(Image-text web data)

##########

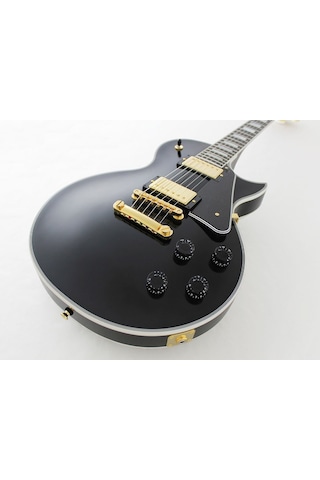 Fujigen Neo Classic Elektro Gitar Nlc20emh/bk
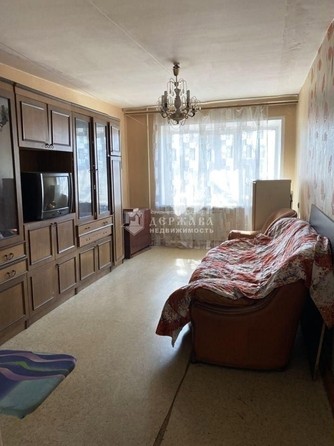 
   Продам 3-комнатную, 62 м², Юрия Смирнова пер, 8

. Фото 5.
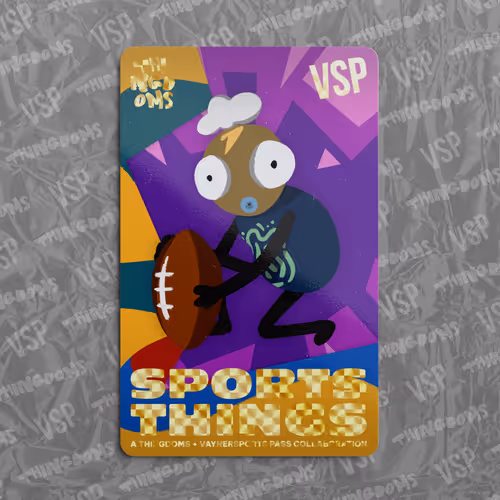 Sports Things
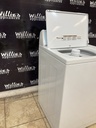 Whirlpool Used Washer Top-load 27inches (White) 
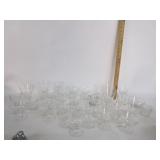 Vintage Glassware Vintage Glassware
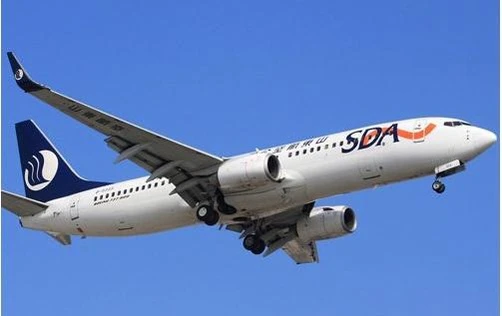 山东航空：重大投资！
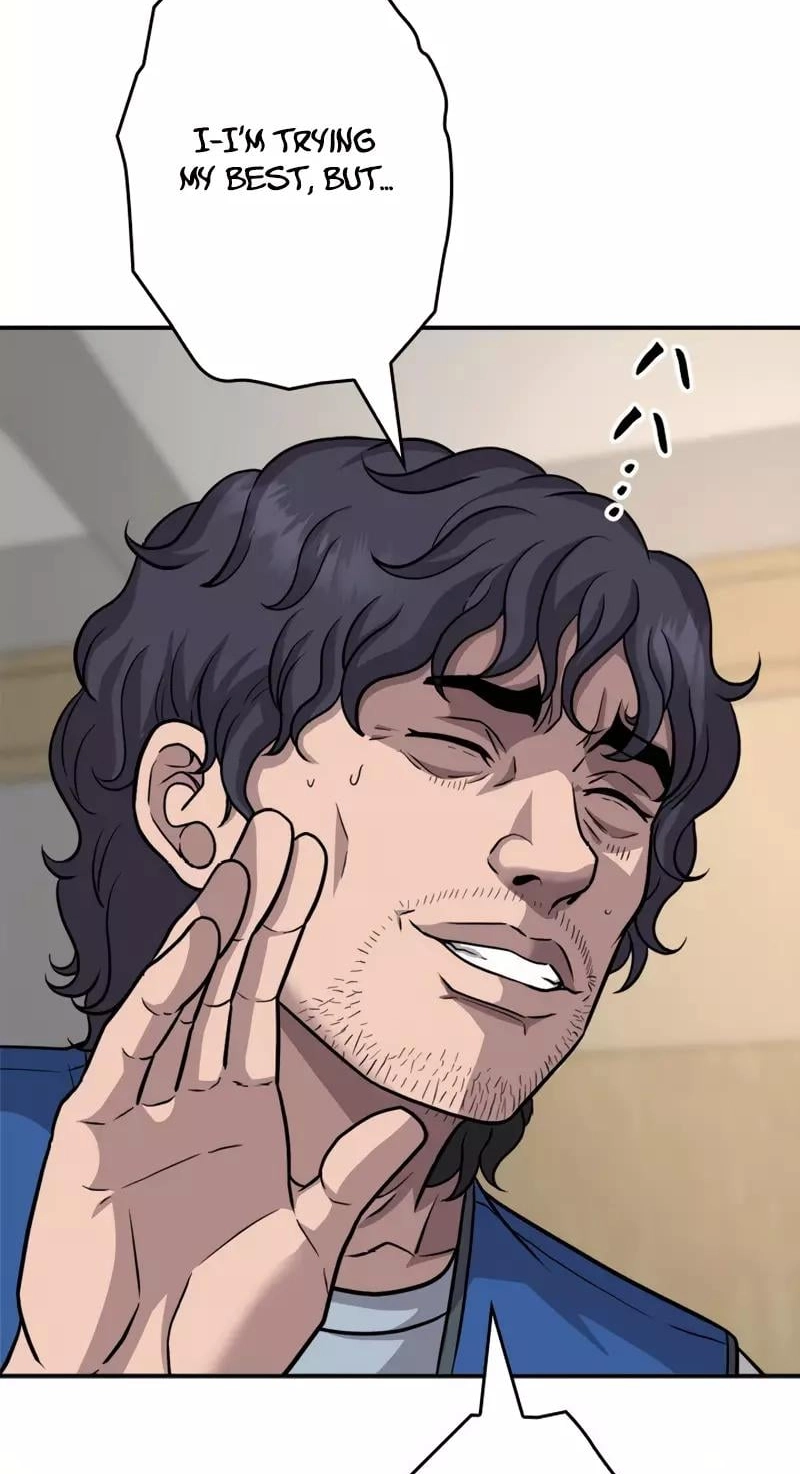 The Boss Has Two Faces: The Quiet Don - Korean Remake Chapter 21 page 118 - 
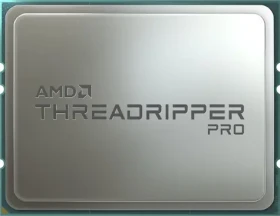 AMD Ryzen Threadripper PRO 3945WX / Procesor / sWRX8 / 280W / TRAY / bez chladiče (100-000000168)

##########

Omit all pictures and write out, exactly, only the lines from the line containing "The Boss Has" through the last line of the entries above.

__Answer for the task__
 The Boss Has Two Faces: The Quiet Don - Korean Remake Chapter 21 page 118 - 
 AMD Ryzen Threadripper PRO 3945WX / Procesor / sWRX8 / 280W / TRAY / bez chladiče (100-000000168)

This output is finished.